Searchers smashed through doors in New Orleans in hunt for the dead to homes that had been locked and to blocks hardest hit by Katrina's flooding. Behind those doors, officials said they expected a sharply escalating body count even as the overall death toll passed 1,000.
"There still could be quite a few, especially in the deepest flooded areas," U.S. Coast Guard Capt. Jeffrey Pettitt, who is overseeing the retrieval of bodies, said Wednesday. "Some of the houses, they haven't been in yet." Officials said searchers are beginning to find more children.
The death toll in Louisiana stood at 799 on Wednesday, an increase of 153 bodies since the weekend and nearly 80 percent of the 1,036 deaths attributed to Hurricane Katrina across the Gulf Coast region. Pettitt and other officials would not speculate on what the final tally could be. They said the effort could last another four to six weeks.
About 500 people are involved in the search of locked homes, the third and most intense phase of the recovery effort. Initially, authorities made a hasty sweep through neighborhoods to identify the living and dead. That was followed by a door-to-door search, though locked doors were off-limits.
Previously, they had not entered unless they saw a body or heard someone inside. Now, even a high water mark on the side of a home was enough to allow them to go in.

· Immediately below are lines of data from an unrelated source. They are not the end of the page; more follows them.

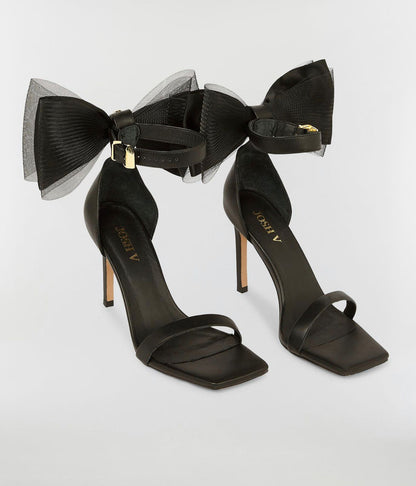 Sapatos de salto preto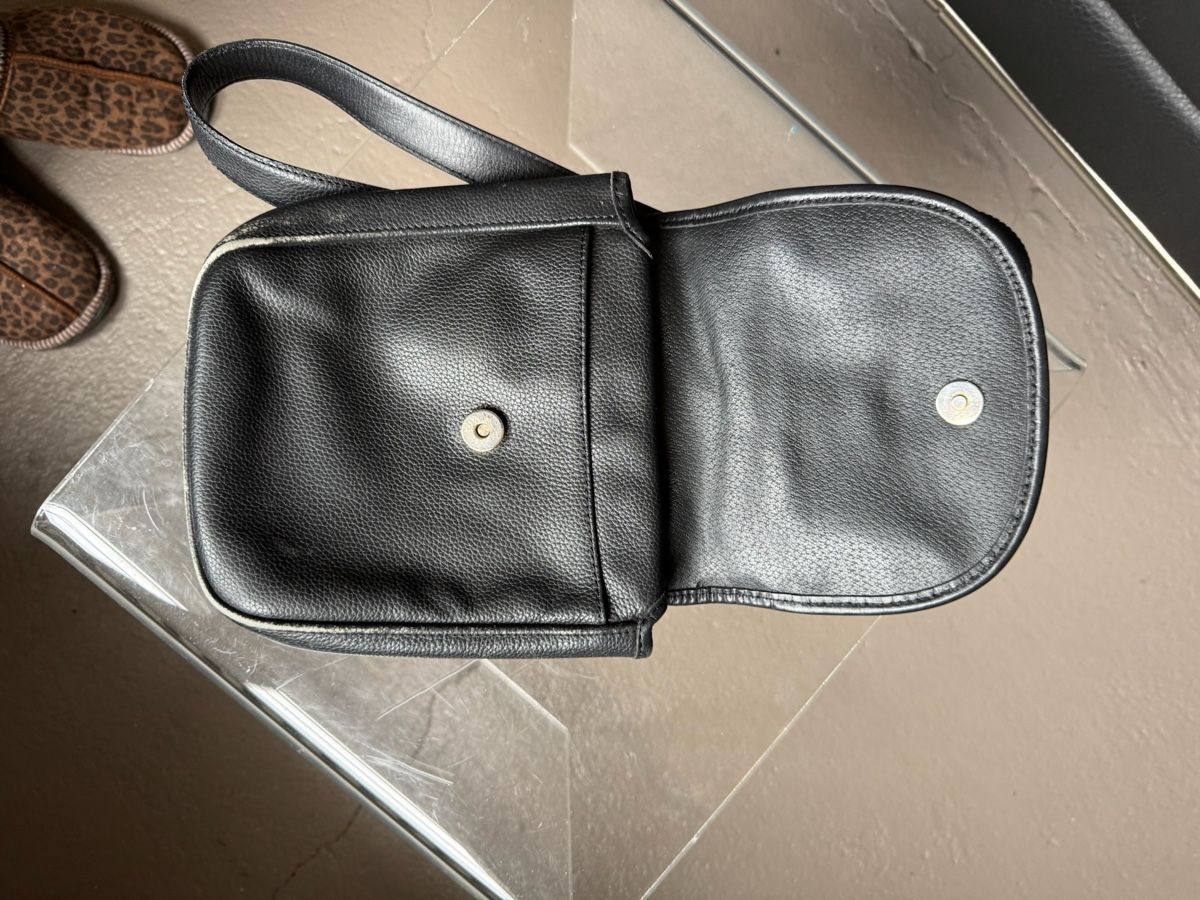 Longchamp Taschen für Damen: Longchamp Umhängetasche Leder – Gebraucht aus Winterthur von zoenina5 3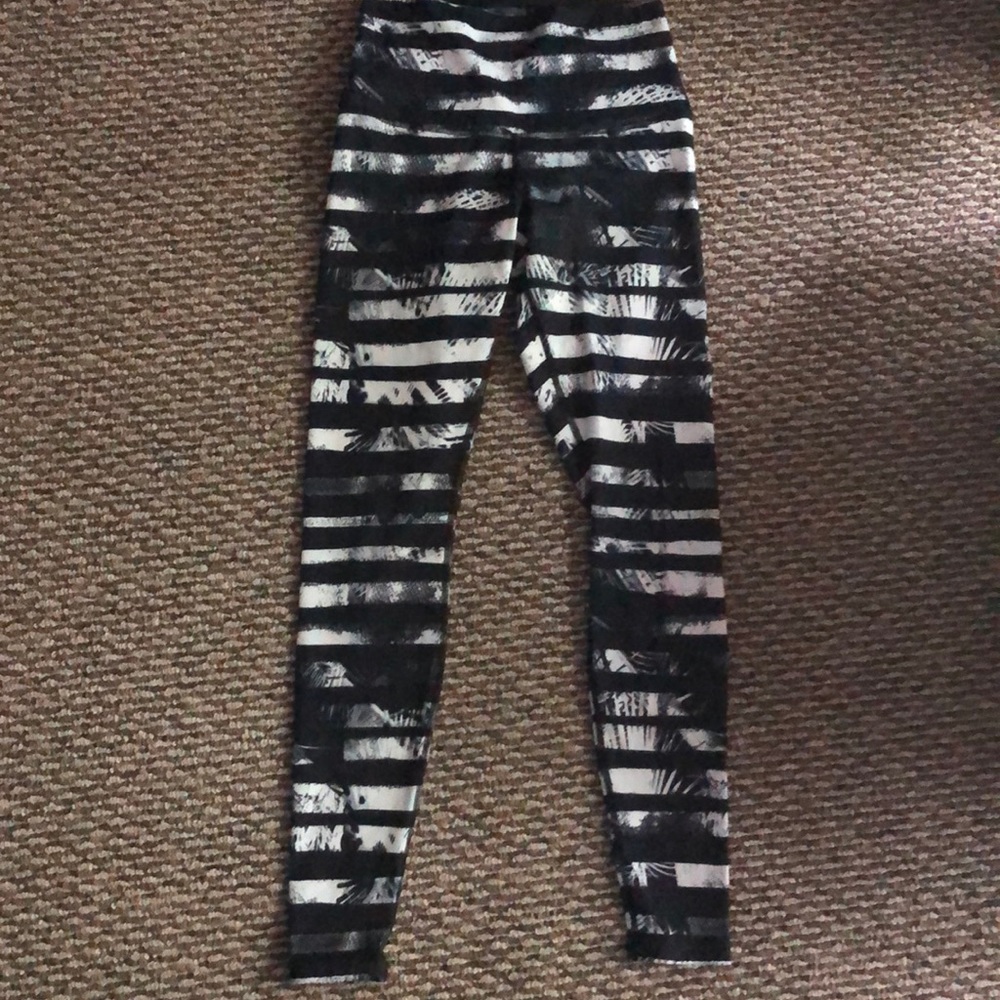 Lululemon high rise patterned pant
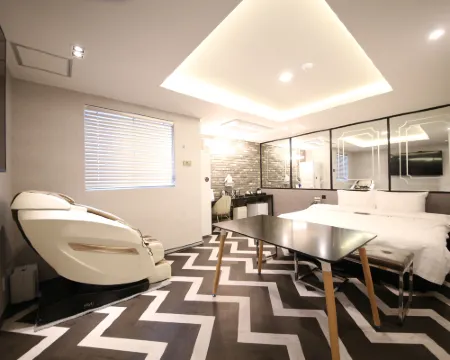 Hotel 24st Urban Brown Seosan Lake Park Hotels in Seosan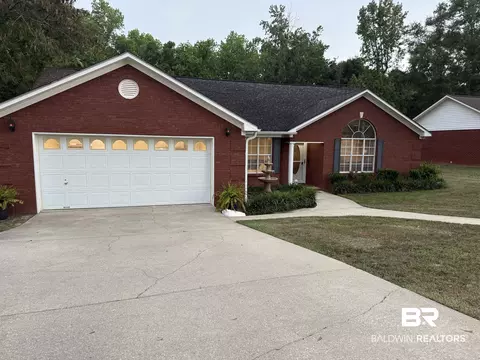 100 Sue St, Flomaton, AL 36441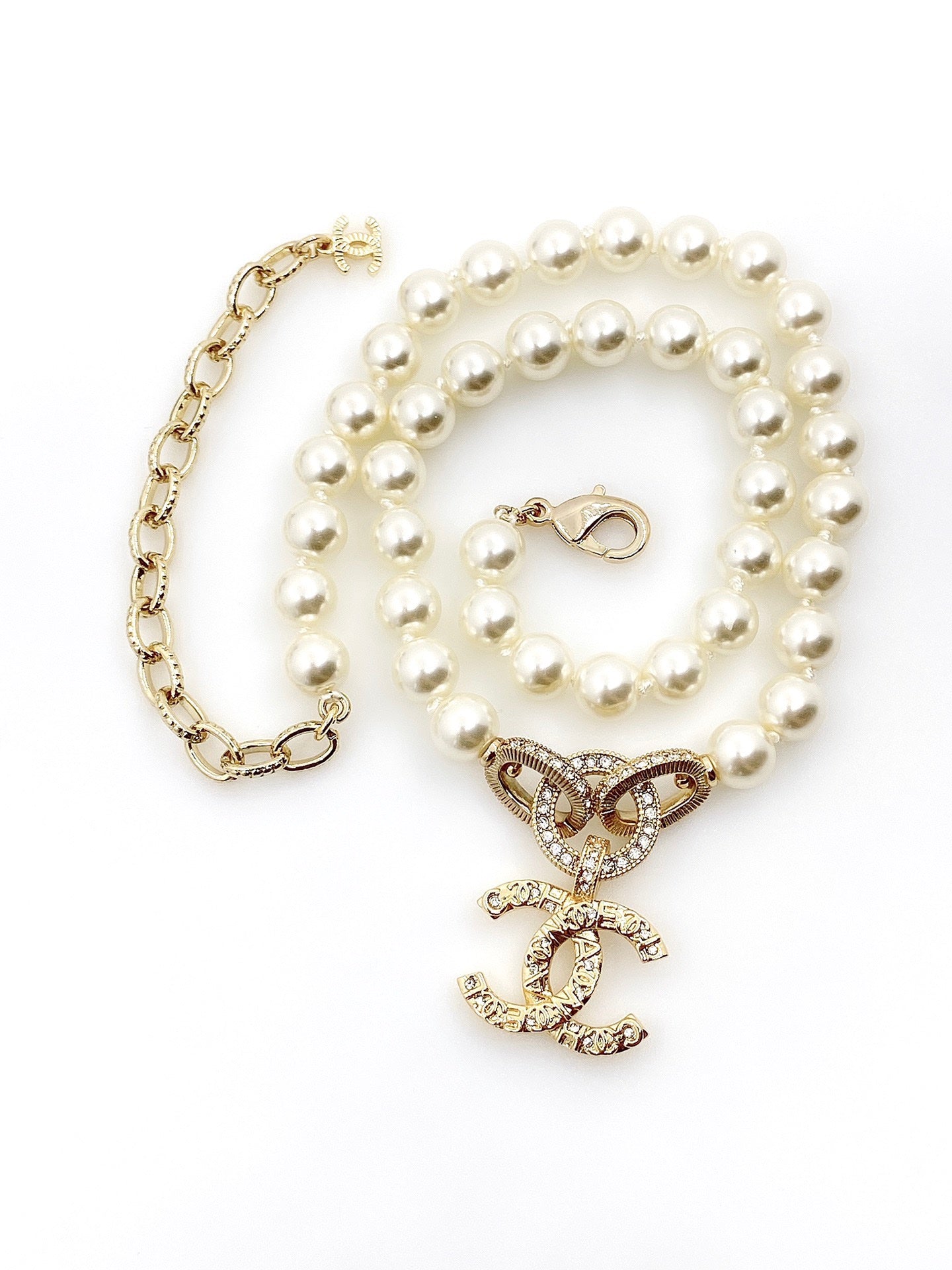 CC Necklace 0025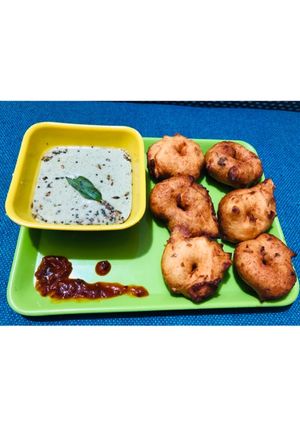 A picture of मेदु वडा आणि हिरवी चटणी.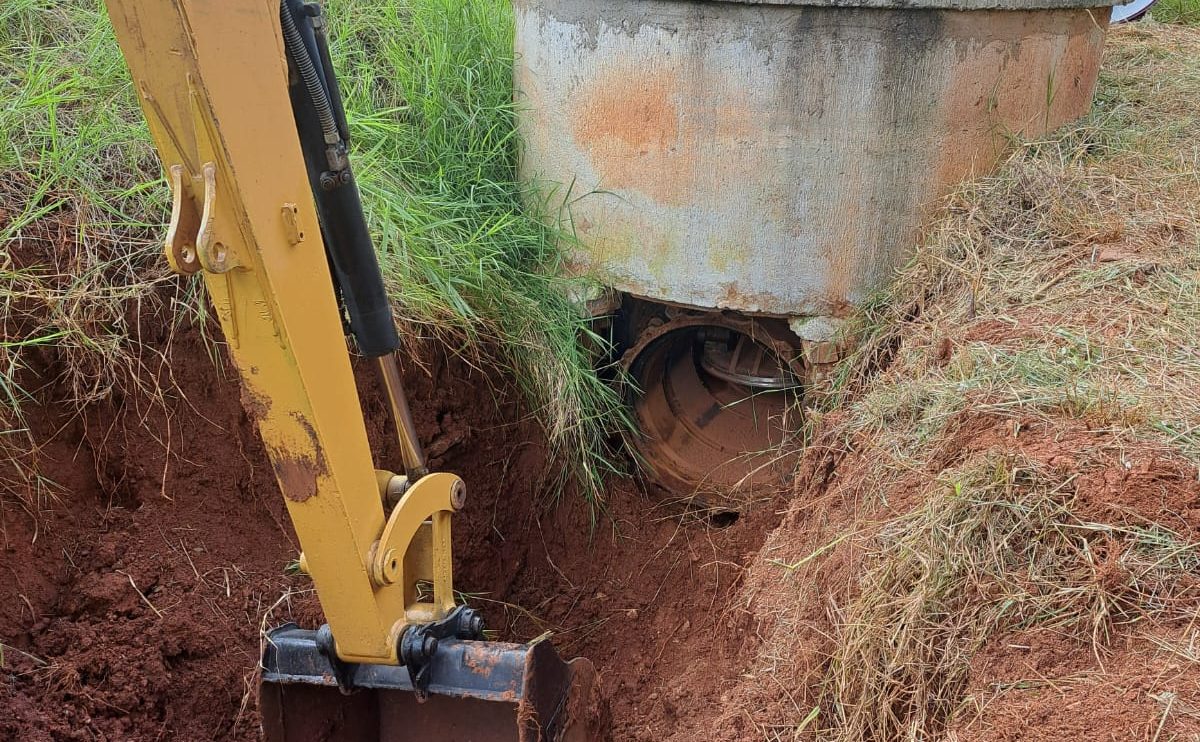 250313 ponta grossa - obras sistema abastecimento sanepar 4 Boca no Trombone 250313 ponta grossa – obras sistema abastecimento sanepar 4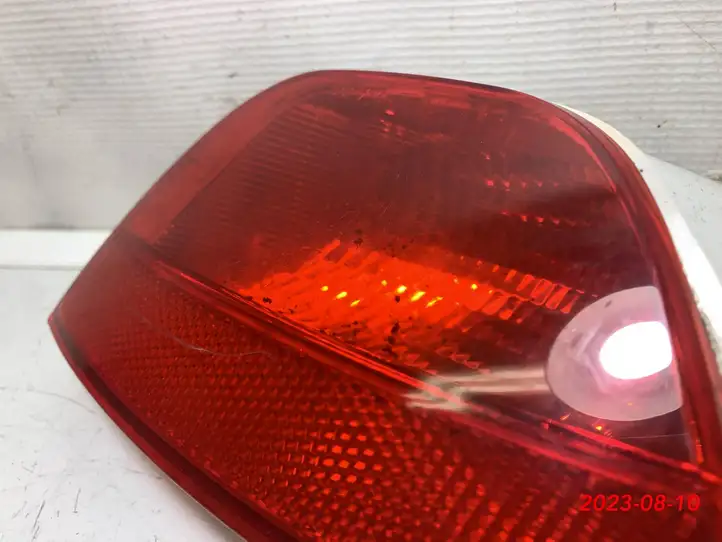 Ford Focus (1998 - 2004) 1M5115K273A Задняя противотуманная фара — фото 6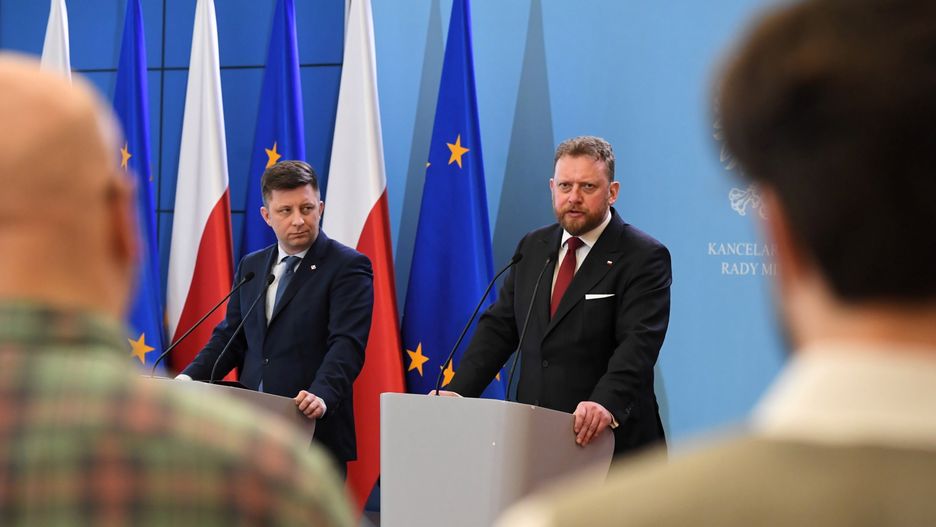 Minister Łukasz Szumowski (po prawej).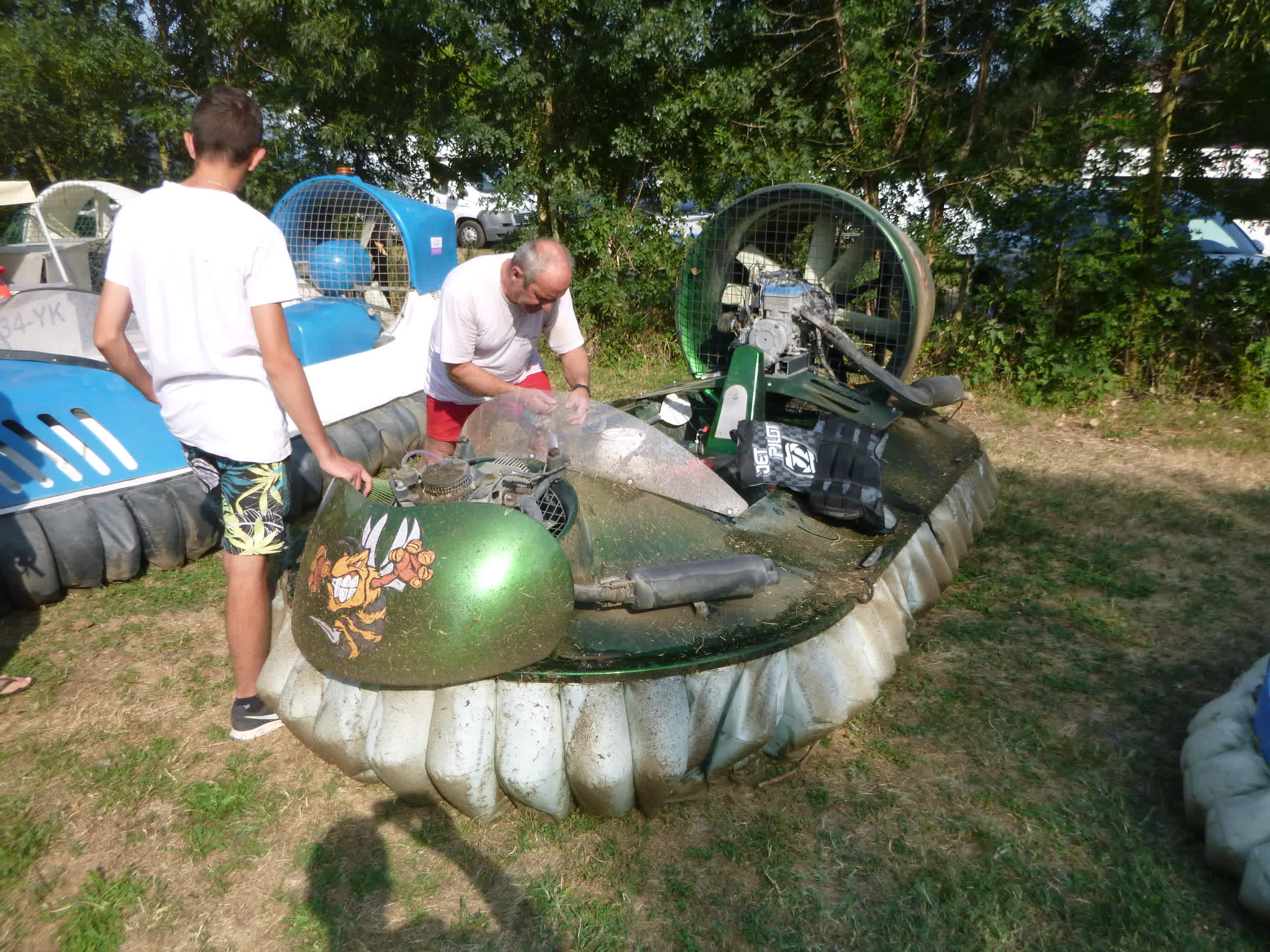 Photo 3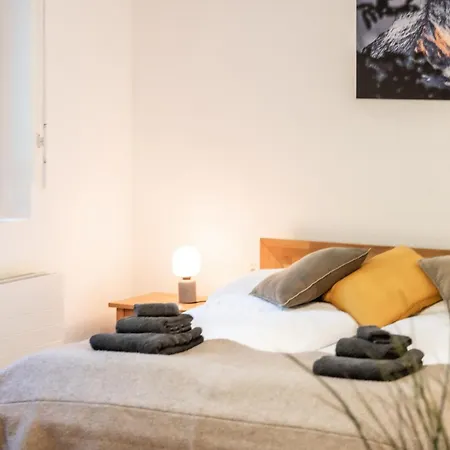Omis Apartment *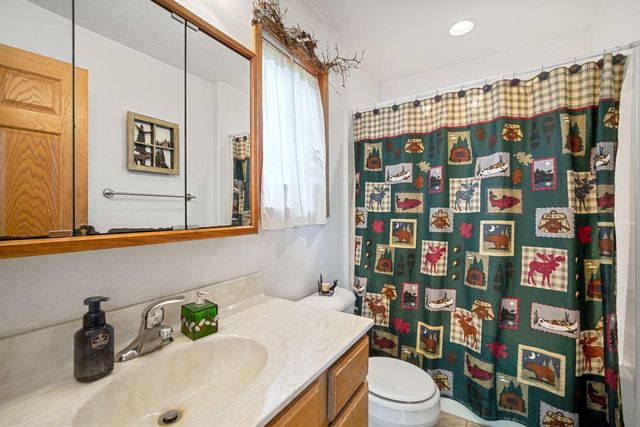 2530 Wallace Lake ROAD, West Bend, WI 53090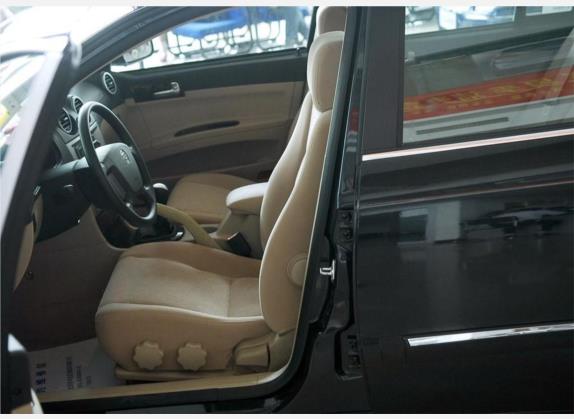 中华尊驰 2008款 1.8L 手动舒适型 车厢座椅   前排空间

At one home, Capt. Edan Jacobs of the Miami-Dade Fire Department kicked at a door a dozen times, then used a sledgehammer. The searchers, wearing special masks to ward off the mold and stench, sometimes have to go to three different entrances before they find one not blocked by refrigerators or couches.
Police officers and National Guardsmen stood by, weapons ready, as emaciated dogs circled.
"We try not to destroy the homes, but we have to get inside," said fire department Lt. Eric Baum. "Drastic circumstances call for drastic measures,” reports the AP.